Emphase et récupération

Critique de Pascale Beaudet

Performance de Suzanne Joly
présentée le 7 et 8 octobre 1995 au Musée de Pointe-à-Callière (Montréal)
dans le cadre de l'exposition Vitrines, histoires d'étalage.

© Pascale Beaudet, dans la revue culturelle de Lanaudière L'Artefact, Vol IV no 4, janvier-février 1996, p. 23-24.


Voir ou Regarder


Voir ouvre tout l'espace au désir,
mais voir ne suffit pas au désir.
L'espace visible atteste à
la fois ma puissance de découvrir
et mon impuissance d'atteindre.

Jean Starobinski, L'Oeil vivant, essai.

La performance de Suzanne Joly, intitulée Emphase et récupération, est orientée vers la proposition suivante : «regarder peut être un exercice déstabilisant pour la personne qui regarde et pour celle qui est regardée ; cet exercice mène parfois à la découverte et à l'exploration d'espaces inconnus.» Au début de sa performance, Suzanne Joly dit un texte où elle exprime le souhait de susciter un espace mental chez le spectateur. Espace d'ouverture à l'autre, à une autre façon d'ouvrir l'oeil sur le monde. La lecture de ce texte ayant été préenregistrée sur vidéo, la performance se dédouble et sa présence physique cède le pas à la présence reconstituée; le corps reproduit prend alors plus d'importance que le corps réel.

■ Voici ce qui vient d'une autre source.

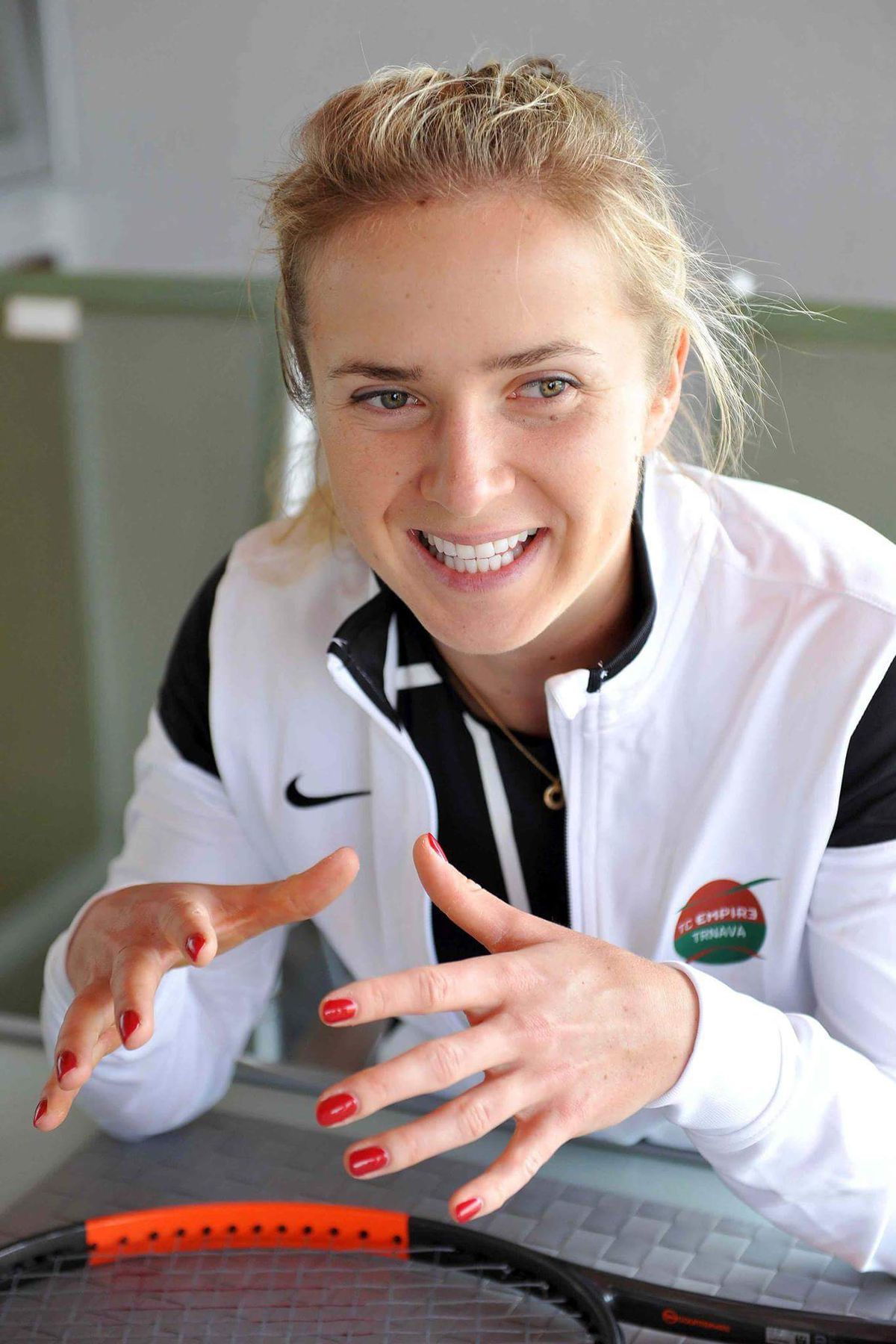 Ukrajinská členka medzinárodnej Empire Tennis...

La vue (de la performeuse, de la personne présente) est le sens le plus sollicité par Suzanne Joly, dans sa fonction naturelle, mais aussi dans son prolongement électronique : la caméra, le moniteur vidéo. Bien sûr elle fait aussi appel à l'ouïe par la parole et la musique, mais son propos essentiel ne se trouve pas là. La condition élémentaire de la vision est la création d'une distance entre l'objet regardé et nous. Une distance supplémentaire est créée par les gestes de la performeuse, qui se filme derrière un obstacle translucide : un couvercle de table tournante. Cet objet rappelle et redouble la présence de la lentille de la caméra, qui est invisible pour le spectateur, et celle de l'écran du moniteur. Ce que nous dit l'artiste, c'est que peu importe sa nature, la communication rencontrera toujours une barrière qui lui fera perdre un peu de sa transparence.

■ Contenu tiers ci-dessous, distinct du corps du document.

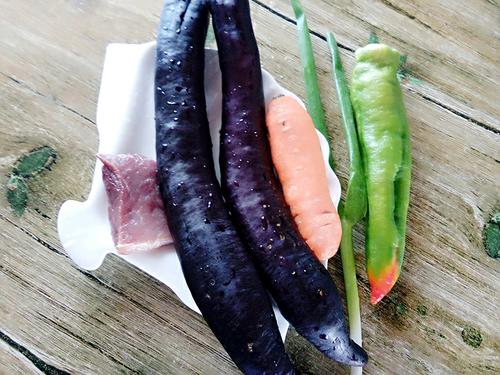 【茄子炒肉丝】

Par la suite, l'artiste impose des obstacles à sa propre vision, de manière à provoquer des interrogations sur sa présence physique dans sa performance : d'où peut-elle parler, de quel corps virtuel ou réel ? Jusqu'où la confusion entre monde réel et monde virtuel peut-elle aller pour provoquer des échappés du sens ? Le corps n'acquiert-il pas une «valeur ajoutée» du fait de sa mise en représentation dans un espace technologisant ?

Les obstacles à la vision sont des lentilles (comme pour des lunettes) fantaisistes que l'artiste s'est elle-même fabriquées : lentilles pour le soleil accrochées au fil de fer formant bandeau, petites bouteilles de verre, passoires, cônes métalliques. Le rapport entre la performeuse et l'écran sur lequel elle se regarde en direct est donc transformé par ces lentilles peu commodes qui imposent des mouvements de la tête et du corps si elle veut arriver à distinguer quelque chose. Vision et aveuglement en viennent à un point de contact. Ce rapport entre vue et voilement est aussi exprimé par les écrans des moniteurs, qui sont tantôt occupés par l'image de la performeuse et qui tantôt présentent leur yeux opaques et bleus.

Suzanne Joly joue avec les possibilités de la vidéo : la division de l'image, de l'écran en plusieurs cases identiques, le stroboscope, le ralenti. Les effets qui en résultent captivent le regard : fascination de la répétition, qui n'est pas sans rapport ici avec une réflexion sur l'identité d'un individu, toujours semblable et toujours différent.

«Je me regarde regarder», dit Suzanne Joly, comme si elle se trouvait devant un miroir, mais ce n'est pas le cas. Le spectateur, lui, la regarde se regarder regarder, comme si les miroirs s'additionnaient et permettaient une vision à l'infini.